During handling of the above exception, another exception occurred:

ray::send_query() (pid=30499, ip=10.200.3.133)
File “/tmp/ray/session_2025-01-01_19-24-17_406163_1/runtime_resources/working_dir_files/_ray_pkg_3182eb4dff41d75f/ray_serve_request.py”, line 56, in send_query
File “/home/ray/anaconda3/lib/python3.9/site-packages/requests/api.py”, line 115, in post
return request(“post”, url, data=data, json=json, **kwargs)
File “/home/ray/anaconda3/lib/python3.9/site-packages/requests/api.py”, line 59, in request
return session.request(method=method, url=url, **kwargs)
File “/home/ray/anaconda3/lib/python3.9/site-packages/requests/sessions.py”, line 589, in request
resp = self.send(prep, **send_kwargs)
r = adapter.send(request, **kwargs)
File “/home/ray/anaconda3/lib/python3.9/site-packages/requests/adapters.py”, line 519, in send
raise ConnectionError(e, request=request)
requests.exceptions.ConnectionError: HTTPConnectionPool(host=‘127.0.0.1’, port=8000): Max retries exceeded with url: /test/serving_request/ (Caused by NewConnectionError(‘<urllib3.connection.HTTPConnection object at 0x7f52e007ec10>: Failed to establish a new connection: [Errno 111] Connection refused’))


Job ‘raysubmit_ft6xgHREFFRxpxNi’ failed

Status message: Job entrypoint command failed with exit code 1, last available logs (truncated to 20,000 chars):
return request(“post”, url, data=data, json=json, **kwargs)
File “/home/ray/anaconda3/lib/python3.9/site-packages/requests/api.py”, line 59, in request
return session.request(method=method, url=url, **kwargs)
File “/home/ray/anaconda3/lib/python3.9/site-packages/requests/sessions.py”, line 589, in request
resp = self.send(prep, **send_kwargs)
File “/home/ray/anaconda3/lib/python3.9/site-packages/requests/sessions.py”, line 703, in send
r = adapter.send(request, **kwargs)
File “/home/ray/anaconda3/lib/python3.9/site-packages/requests/adapters.py”, line 519, in send
raise ConnectionError(e, request=request)
requests.exceptions.ConnectionError: HTTPConnectionPool(host=‘127.0.0.1’, port=8000): Max retries exceeded with url: /test/serving_request/ (Caused by NewConnectionError(‘<urllib3.connection.HTTPConnection object at 0x7f52e007ec10>: Failed to establish a new connection: [Errno 111] Connection refused’))

I was trying multiple things for the past 3 to 4 days but i am unable to get the issue.

NOTE: i have max_ongoing_request=30
target_ongoing_request=2
cluster is autoscaling enabled.

I see request is reaching the replica and replica is able to process it but clients is getting disconnected at ray.get
so request is being cancelled in the ray cluster.

As per the documentation,Set Up FastAPI and HTTP — Ray 2.40.0 i set the asyncio.sheild and try and except block as well but still it is facing issue.Please help as i am currently stuck

ERROR:

I see this error in proxy logs.

Replica(id=‘awlg4nty’, deployment=‘PredictionActor’, app=‘default’) within 0.1s.

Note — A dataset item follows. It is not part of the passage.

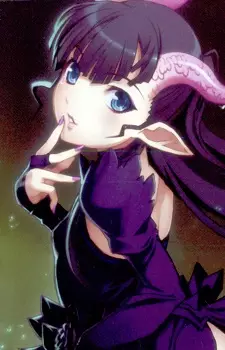 Gambar Karakter Anime: Elea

If this happens repeatedly it’s likely caused by high network latency in the cluster. You can configure the deadline using the RAY_SERVE_QUEUE_LENGTH_RESPONSE_DEADLINE_S environment variable.

INFO 2025-01-02 19:33:54,343 proxy 10.200.2.194 203dd7e9-9459-4c21-aa4b-469518ded1e5 – Client for request 203dd7e9-9459-4c21-aa4b-469518ded1e5 disconnected, cancelling request.

Can someone tell me how to set this variable RAY_SERVE_QUEUE_LENGTH_RESPONSE_DEADLINE_S and what is the recommended value?